* WHAT IS NEEDED:
Could you return each entry below exactly as written, minus any pictures?

### AVAILABLE DATA ###

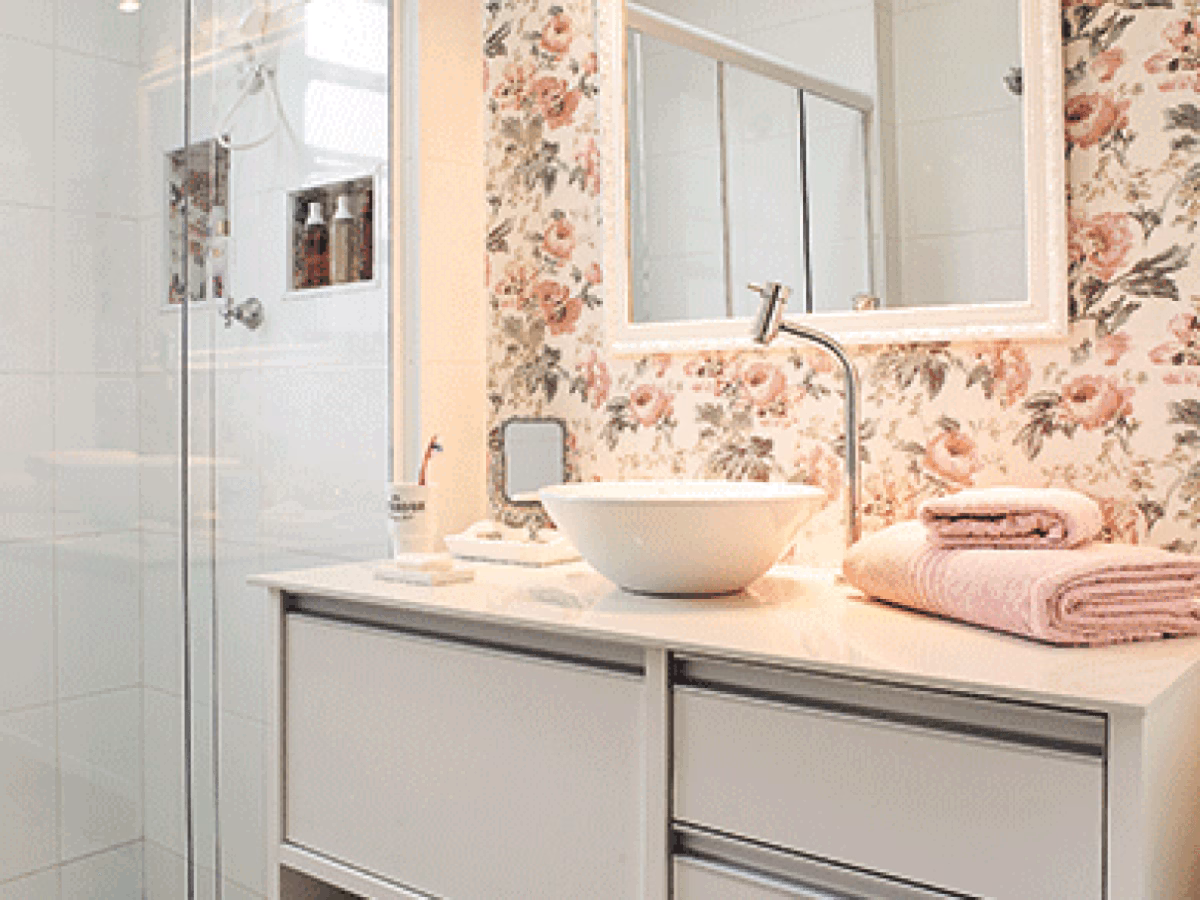 Banheiro Romântico Delicado: Flores e Tons Suaves - inspiração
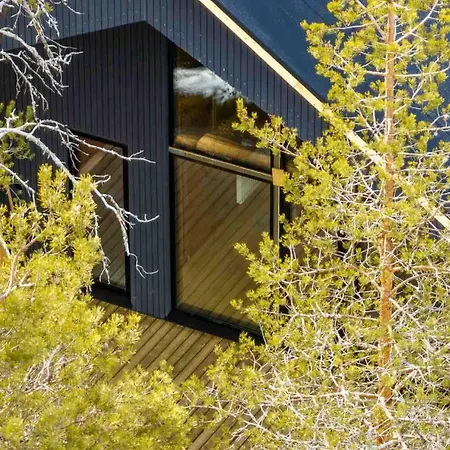Newly Built Luxury With Jacuzzi & Sauna Äkäslompolo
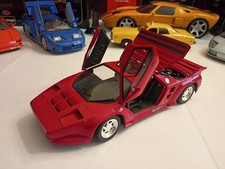 ULTRA RARA 1/18 1991 Vector W8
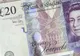 Lira sterlină,  la nivel maxim în ziua în care Marea Britanie iese din UE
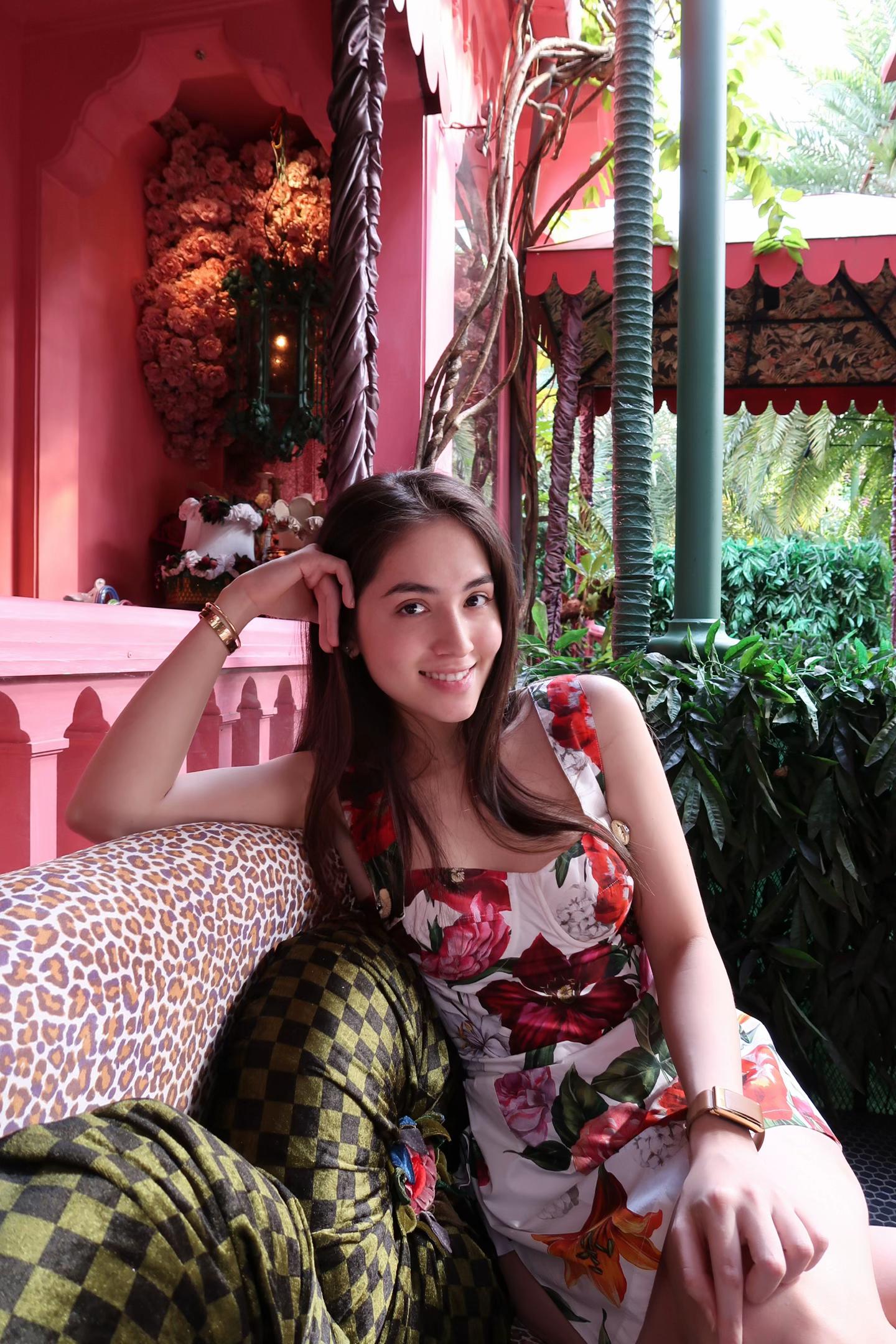 "Bạch nguyệt quang" của thiếu gia út nhà tỷ phú Jonathan Hạnh Nguyễn tự công khai điều giấu kín 3 năm- Ảnh 3. "Bạch nguyệt quang" của thiếu gia út nhà tỷ phú Jonathan Hạnh Nguyễn tự công khai điều giấu kín 3 năm- Ảnh 3.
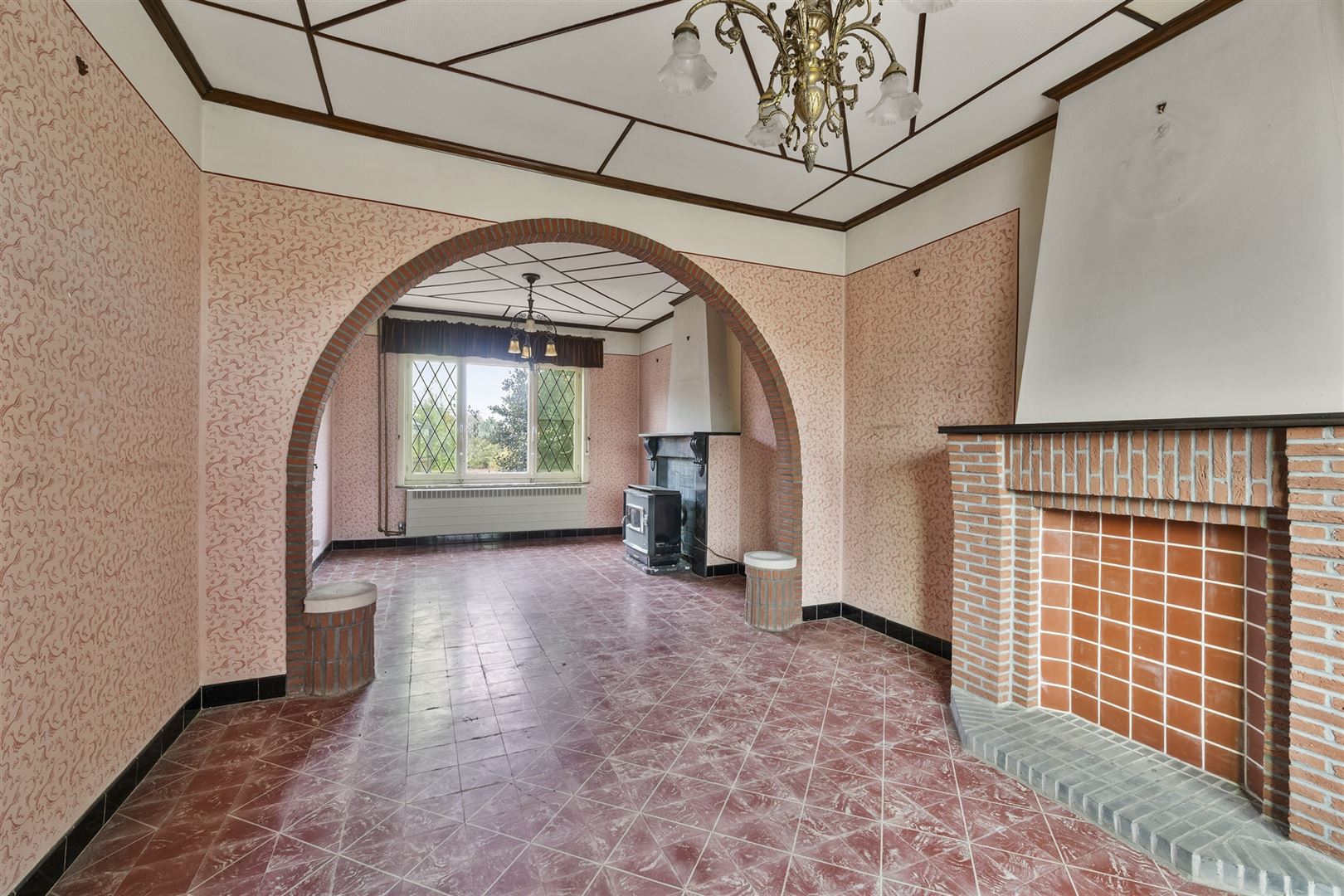 Te renoveren alleenstaande woning foto 4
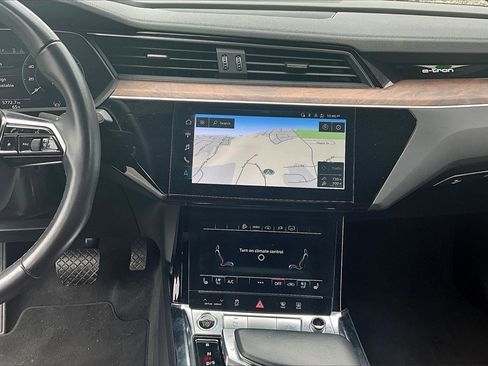 Used 2022 Audi e-tron Premium Plus w/ Premium Plus Package image 30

###

* EXERCISE SOLUTION:
 Banheiro Romântico Delicado: Flores e Tons Suaves - inspiração
Newly Built Luxury With Jacuzzi & Sauna Äkäslompolo
 ULTRA RARA 1/18 1991 Vector W8
 Lira sterlină,  la nivel maxim în ziua în care Marea Britanie iese din UE
 "Bạch nguyệt quang" của thiếu gia út nhà tỷ phú Jonathan Hạnh Nguyễn tự công khai điều giấu kín 3 năm- Ảnh 3. "Bạch nguyệt quang" của thiếu gia út nhà tỷ phú Jonathan Hạnh Nguyễn tự công khai điều giấu kín 3 năm- Ảnh 3.
 Te renoveren alleenstaande woning foto 4
 Used 2022 Audi e-tron Premium Plus w/ Premium Plus Package image 30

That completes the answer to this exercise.